すなわち、本発明は、以下のとおりである。
被検者に対する即時型アレルギーの減感作療法の有効性の検出方法であって、前記被検者から採取された被検試料から、下記の遺伝子群から選ばれる少なくとも1つの遺伝子のコピー数多型を検出し、得られたコピー数多型の検出結果を母集団における同遺伝子のコピー数多型のデータと比較することにより、減感作療法の有効性と関連づけることを特徴とする、前記方法。

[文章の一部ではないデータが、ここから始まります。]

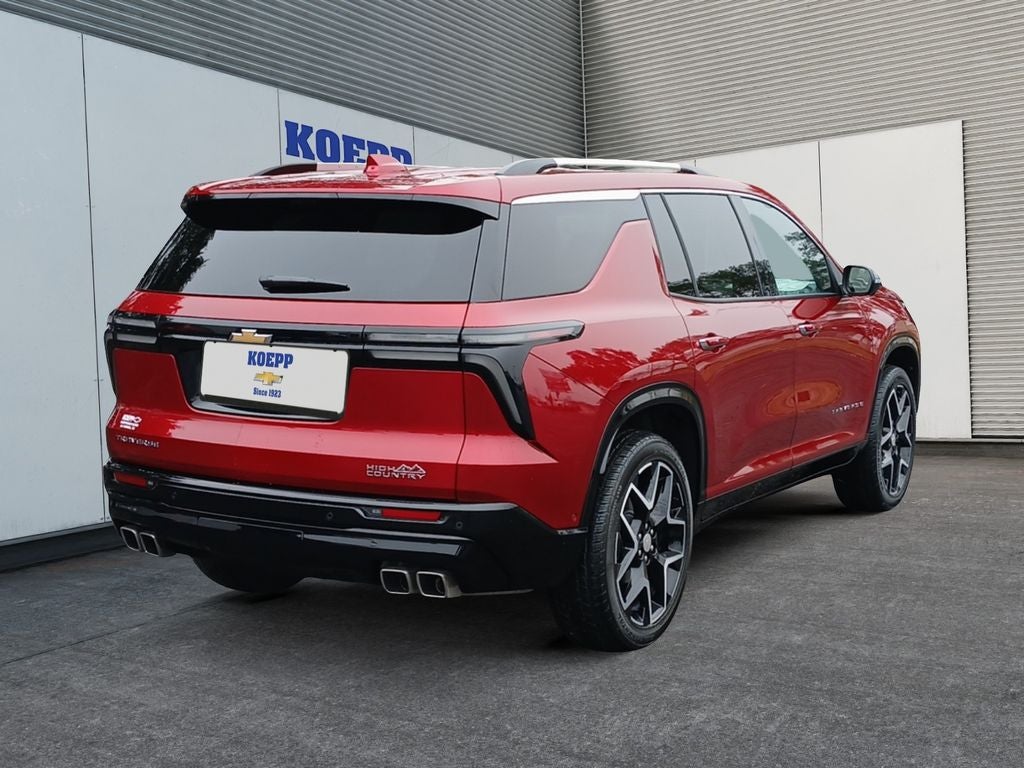 2026 Chevrolet Traverse High Country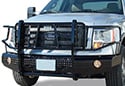 Image is representative of Ranch Hand Summit Front Bumper.<br/>Due to variations in monitor settings and differences in vehicle models, your specific part number (BSC14HBL1) may vary.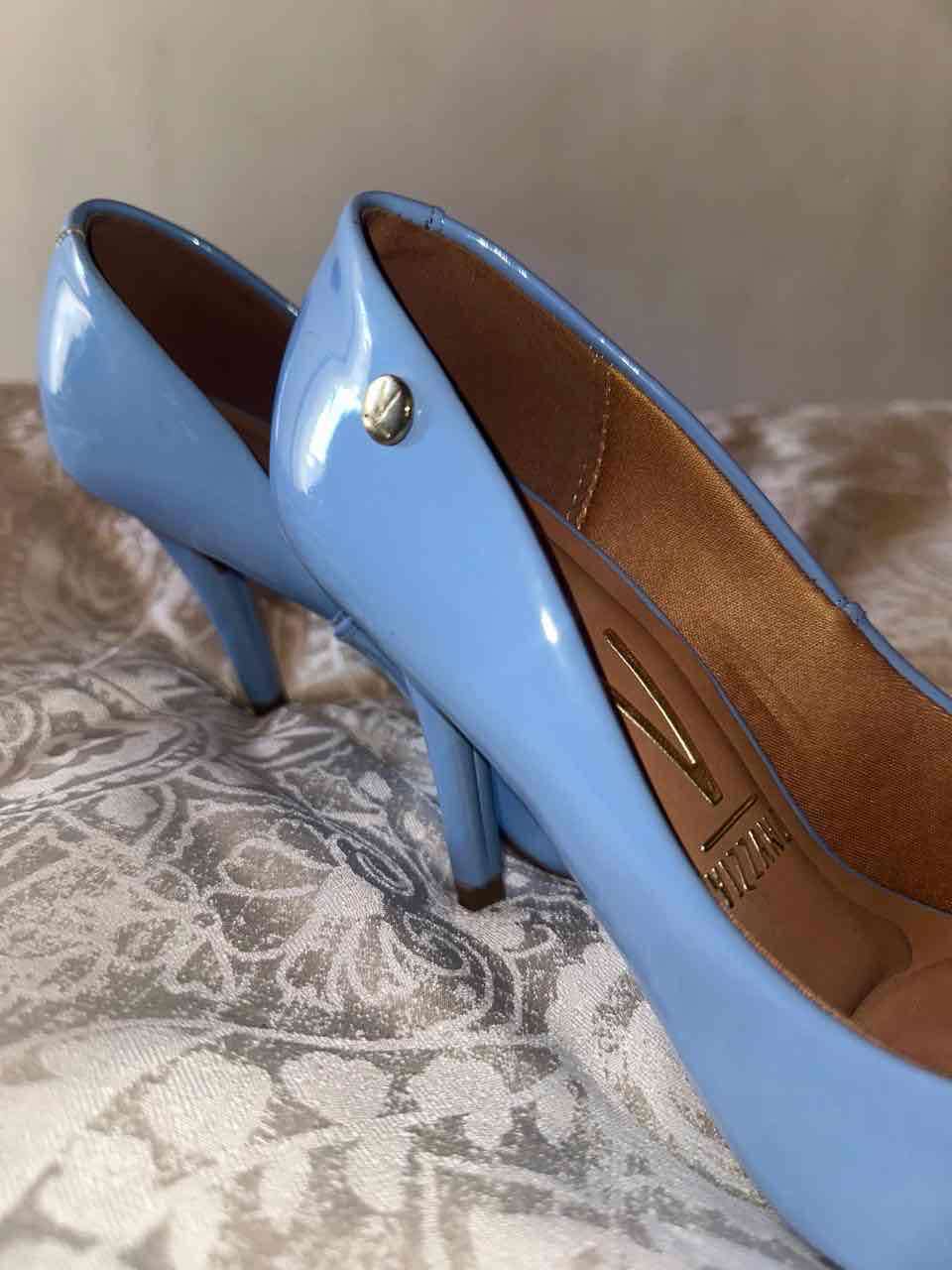 Zapatos de tacón azul claro - Marca Vizzano - miniatura 2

AGXT2L2、AZGP1、CAV3、CEP72、CUL4A、CXCR7、C12orf60、C16orf48、C19orf34、DNAJB8、FTH1、GEMIN4、GIGYF2、GJC3、HTT、ITCH、MARK2、METT10D、NAV3、NOB1、PAFAH2、PLEKHG4B、PPFIA1、SCARNA11、SDF2L1、SMPD3、SNORA44、SRP14、ST6GALNAC1、SULF2、TMED6、TYRP1、WFDC13、ZNFX1、NCAM2、PCDH17、CHODL、BTG3、DIAPH3、GBA3、IFRD1、KCNT2、THOC7、TMEM168、BST1、C7orf53、CD38、DCUN1D1、FGFBP1、FOXP2、GLRB、GTF2B、HSP90AB2P、MCCC1、MDFIC、ODF2L、PDGFC、SEP15、SH3GLB1、 TDRD3、YEATS2、CCDC127、C14orf180、SIVA1、TNFRSF14、AHNAK2、C14orf79、LOC25845、PLD4、GPR132、LOC389257、BRF1及びADSSL 本発明において、コピー数多型の検出結果と減感作療法の有効性との関連づけは、下記の(a)〜(d)のいずれかの判断基準又はその組み合わせに基づいて行なうことができる。
(a) NAV3、TYRP1、NCAM2、PCDH17、CHODL、BTG3、DIAPH3、GBA3、IFRD1、KCNT2、THOC7、TMEM168、BST1、C7orf53、CD38、DCUN1D1、FGFBP1、FOXP2、GLRB、GTF2B、HSP90AB2P、MCCC1、MDFIC、ODF2L、PDGFC、SEP15、SH3GLB1、TDRD3及びYEATS2からなる群から選ばれる少なくとも1つの遺伝子のコピー数が、母集団における同遺伝子の最も高頻度なコピー数(例えば2)よりも小さいとき、好ましくは1のときは減感作療法が有効である。
(b) AGXT2L2、AZGP1、CAV3、CEP72、CUL4A、CXCR7、C19orf34、DNAJB8、FTH1、GEMIN4、GIGYF2、GJC3、ITCH、HTT、MARK2、METT10D、PAFAH2、PLEKHG4B、PPFIA1、SCARNA11、SDF2L1、SNORA44、ST6GALNAC1、SULF2、WFDC13、ZNFX1、CCDC127、C14orf180、SIVA1、TNFRSF14、AHNAK2、C14orf79、LOC25845、PLD4、GPR132、LOC389257、BRF1及びADSSL1からなる群から選ばれる少なくとも1つの遺伝子のコピー数が、母集団における同遺伝子の最も高頻度なコピー数(例えば2)よりも大きいとき、好ましくは3のときは減感作療法が有効である。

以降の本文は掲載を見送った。